La debilidad norteamericana se confirma mediante una operación militar que consolida el orden posconstitucional en EE. UU. La administración Trump sólo reconoce los medios de fuerza como los adecuados para maximizar sus intereses hegemónicos. Por lo tanto, la impotencia de triunfar ante China y Rusia obliga a EE.UU. a volcarse al continente americano para blindar sus áreas cercanas de pretensión geopolítica.
Todo lo anterior se entiende porque Trump vive su propia realidad, lo que lo lleva a una irracionalidad basada en la desesperada búsqueda de sus intereses, olvidándose de las burbujas que tiene la "sin sentido" economía norteamericana, lo que se explica por una economía totalmente oligarquizada.
Cabe señalar que el control del petróleo venezolano para EE.UU. es fundamental para garantizar la extensión de los suministros de energía y el control de precios favorables en la OPEP Plus. Con esto, Trump pretende obligar a China a comprar petróleo con dólares, pero China sostiene los bonos del gobierno norteamericano. Por otra parte, Iberoamérica también concentra la mayor parte de la plata del mundo, crucial para la inteligencia artificial, la electrónica y la energía limpia. China usa la plata industrialmente, mientras que EE.UU. la usa especulativamente.
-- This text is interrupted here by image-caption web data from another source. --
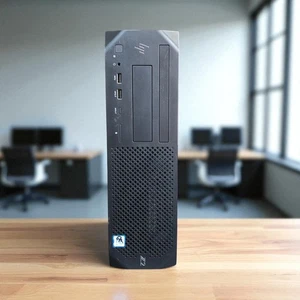 HP Z2 G4 SFF Workstation – i7-8700 | 8GB RAM | 256GB SSD | Powerful 6-Core - Picture 1 of 7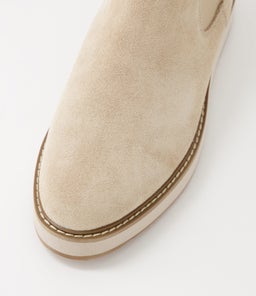 JADE WA STONE SUEDE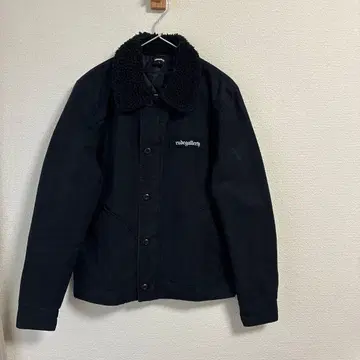 RUDE GALLERY 보아 자켓 N-1 덱 자켓 루드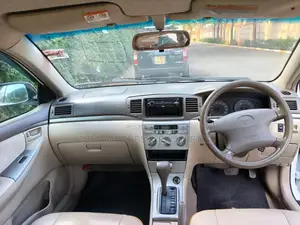 Toyota Corolla 2005 White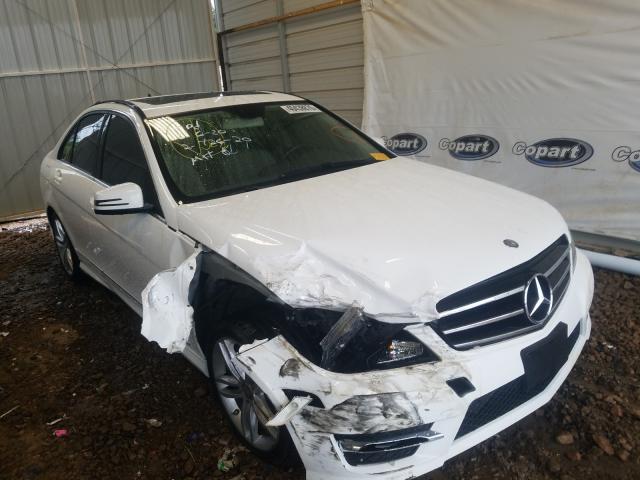 MERCEDES-BENZ C 300 4MAT 2014 wddgf8ab5eg185212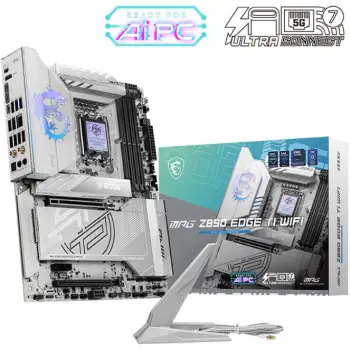 Pllakë Amë MB Intel MSI 1851 MPG Z890 Edge TI WIFI
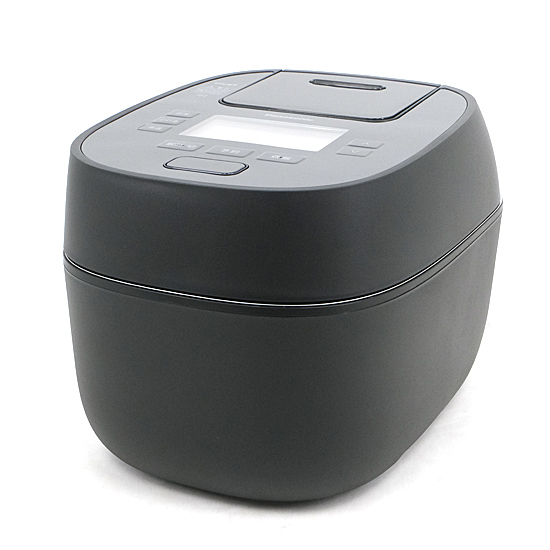 【新品】【新品訳あり(箱きず・やぶれ)】 Panasonic　可変圧力IHジャー炊飯器 おどり炊き 5.5合炊き　SR-N510D-K　ブラック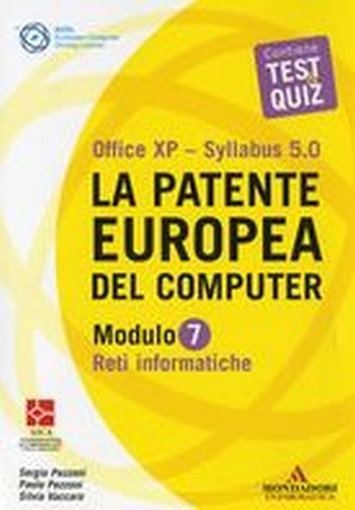 PATENTE EUROPEA COMPUTER MOD.7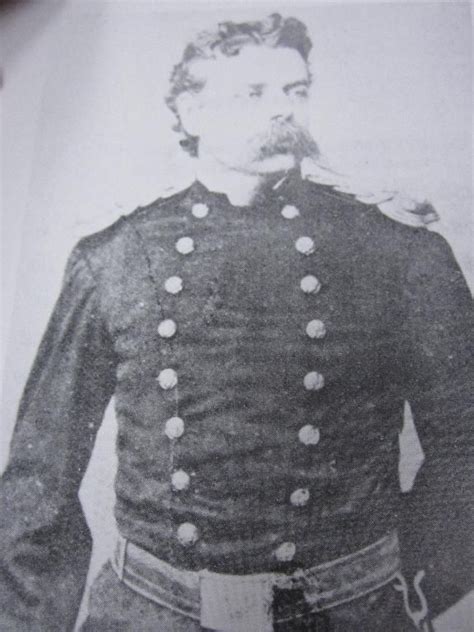 colonel james judson van horn  man  rescued  johnson county invaders johnson county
En este contexto, EE.UU. tendría pretensiones en las siguientes zonas: la anexión militar de Groenlandia para la obtención de tierras raras y otros recursos así como abrirse camino a otras rutas árticas, el control de yacimientos petrolíferos en el Golfo de México, el control del Canal de Panamá, cuyo rol logístico es fundamental en la geoeconomía mundial respecto de los flujos interoceánicos de suministros, lo que requiere desplazar a China de esa zona. Si tal fin resulta difícil de lograr plenamente, EE.UU. tiene un objetivo subsidiario. El control naval del Estrecho de Magallanes como paso logístico estratégico bajo la excusa de evitar la influencia china y rusa en la zona austral. Tal objetivo ya se presentó en la Conferencia de Defensa de Sudamérica 2025 (SouthDec 25) durante los días 20 y 21 de agosto en Buenos Aires.
El objetivo de control naval de EE.UU. del Estrecho de Magallanes lo impulsará, probablemente, al incentivar la pretensión argentina de un control compartido del estrecho, lo que Chile rechaza absolutamente. Ante esta situación, el relato de evitar amenazas regionales se intensificará, lo que llevará a una hipótesis de conflicto en la que se verá comprometida la soberanía de Chile sobre su territorio nacional, en parte en Tierra del Fuego y en los mares circundantes. Esto obliga al Estado chileno a blindar el Estrecho de Magallanes, tanto naval como militarmente, en ambas costas, junto con su fortalecimiento portuario y naviero.
Cabe comprender que el actual lenguaje de la política internacional es la fuerza; pretender aludir al derecho internacional o a la Carta de las Naciones Unidas es una estupidez estratégica, porque aquí no se impone la verdad, sino el relato. El relato como estrategia de la mentira. En consecuencia, es vital dar el mensaje de que aquel que pretenda soslayar la soberanía de Chile perderá sangre. Este es el lenguaje que se entiende hoy; lo otro es bobería y lo peor de todo, cobardía, la que se traduce finalmente en traición.